A democratic political system with a high degree of freedom has fostered a generation of young people increasingly proud of their Taiwanese roots, creating a generational shift that is likely to become an increasing issue in the island’s future politics.

“It is fascinating how Taiwanese who were born even 10 years apart can have such different life experiences,” said Margaret Lewis, an expert on Taiwanese politics and a law professor at Seton Hall University in New Jersey. 

“People my age remember martial law and were old enough to vote in the first direct presidential election [in 1996]. People 10 years younger might have vague memories of authoritarian times, but they came of age in a free and democratic Taiwan,” 44-year-old Lewis added.

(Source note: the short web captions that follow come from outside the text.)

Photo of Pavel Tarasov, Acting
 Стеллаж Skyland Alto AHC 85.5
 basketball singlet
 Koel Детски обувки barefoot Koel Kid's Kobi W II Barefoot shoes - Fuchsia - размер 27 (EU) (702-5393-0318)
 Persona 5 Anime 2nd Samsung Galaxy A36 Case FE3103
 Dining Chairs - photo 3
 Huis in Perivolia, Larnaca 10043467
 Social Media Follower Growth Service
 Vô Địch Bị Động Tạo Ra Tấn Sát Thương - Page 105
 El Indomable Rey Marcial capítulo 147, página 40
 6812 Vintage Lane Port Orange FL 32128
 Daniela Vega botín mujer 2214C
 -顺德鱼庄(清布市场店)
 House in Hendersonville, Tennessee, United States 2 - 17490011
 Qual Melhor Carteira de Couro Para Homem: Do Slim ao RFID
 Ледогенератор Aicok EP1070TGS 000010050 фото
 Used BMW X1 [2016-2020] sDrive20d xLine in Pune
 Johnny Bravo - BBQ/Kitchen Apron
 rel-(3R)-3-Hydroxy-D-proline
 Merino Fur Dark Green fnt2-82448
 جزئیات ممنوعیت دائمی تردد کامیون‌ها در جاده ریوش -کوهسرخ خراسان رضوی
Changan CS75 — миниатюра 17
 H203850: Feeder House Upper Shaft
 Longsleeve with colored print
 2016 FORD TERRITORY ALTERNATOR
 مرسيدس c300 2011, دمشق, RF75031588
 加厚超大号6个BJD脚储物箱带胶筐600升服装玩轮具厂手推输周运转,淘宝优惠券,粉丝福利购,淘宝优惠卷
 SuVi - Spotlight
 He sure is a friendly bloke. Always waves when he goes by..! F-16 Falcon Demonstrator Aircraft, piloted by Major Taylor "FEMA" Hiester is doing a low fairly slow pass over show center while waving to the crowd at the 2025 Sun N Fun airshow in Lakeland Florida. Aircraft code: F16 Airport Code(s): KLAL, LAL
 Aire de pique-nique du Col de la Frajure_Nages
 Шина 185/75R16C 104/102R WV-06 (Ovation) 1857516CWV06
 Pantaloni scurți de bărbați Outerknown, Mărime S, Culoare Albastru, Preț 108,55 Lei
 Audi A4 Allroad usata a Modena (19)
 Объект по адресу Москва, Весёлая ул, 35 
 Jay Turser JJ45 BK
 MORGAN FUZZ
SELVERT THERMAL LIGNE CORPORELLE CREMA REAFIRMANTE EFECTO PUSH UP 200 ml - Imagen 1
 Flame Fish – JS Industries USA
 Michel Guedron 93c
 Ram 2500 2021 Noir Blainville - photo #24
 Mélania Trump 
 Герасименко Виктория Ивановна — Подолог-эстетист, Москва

In a survey on changes in Taiwanese and Chinese identity among people on the island, National Chengchi University’s Election Study Center found that as of June 2019 about 57 percent of people identified as Taiwanese, while 37 percent said they were both Taiwanese and Chinese. Only 4 percent said they were Chinese while the rest chose not to answer.

Meanwhile, a survey from the Taiwan Foundation for Democracy found 82 percent of respondents aged between 20 and 29 were willing to defend Taiwan if “China uses force against Taiwan for unification”.

The Republic of China (ROC) was originally established in 1912 in mainland China. After being defeated by the communists in the civil war in 1949, however, its nationalist leaders relocated to Taiwan, where they set themselves up in power.

The victorious communist, meanwhile, set up the People’s Republic of China (PRC) and considers Taiwan part of its territory. It has not ruled out the use of force to incorporate it with the mainland. 

Not China

Another young person who backed Tsai was Cathy Chan, a 23-year-old master’s student at the National Taiwan University, who went home to Taoyuan in northern Taiwan so she could vote. 

“When studying in Japan, many people thought that Taiwan was China,” Chan told Al Jazeera, explaining some of the frustration she feels at others’ lack of knowledge about her homeland. 

“I want to confidently tell everyone that I am from Taiwan. And Taiwan is a beautiful democratic, free country.”

Timothy S Rich, an associate professor of political science at the Western Kentucky University (WKU), who has studied Taiwanese electoral politics and public opinion, said younger Taiwanese were “far less likely” to see themselves as Chinese other than in a broad acknowledgement of cultural similarities. 

“They see Taiwan as a sovereign state separate from China,” he added.

Taiwan KMT

Johnny Chiang, centre, was elected the leader of the pro-China KMT earlier this month, He is the youngest person to ever hold the position as the party faces a generational shift that’s changing the face of politics [Ritchie B. Tongo/EPA]

Austin Wang, an assistant professor at the department of political science at the University of Nevada, told Al Jazeera that a growing sense of unique identity has become one of the most significant trends in Taiwan in the last 30 years.

He said while the older generations still see themselves as part Chinese, and unification an opportunity to resolve China’s so-called “century of humiliation” – the term used in China to describe the period from the middle of the 19th century when it was dominated by Japan, Russia and European powers – young people have different ideas.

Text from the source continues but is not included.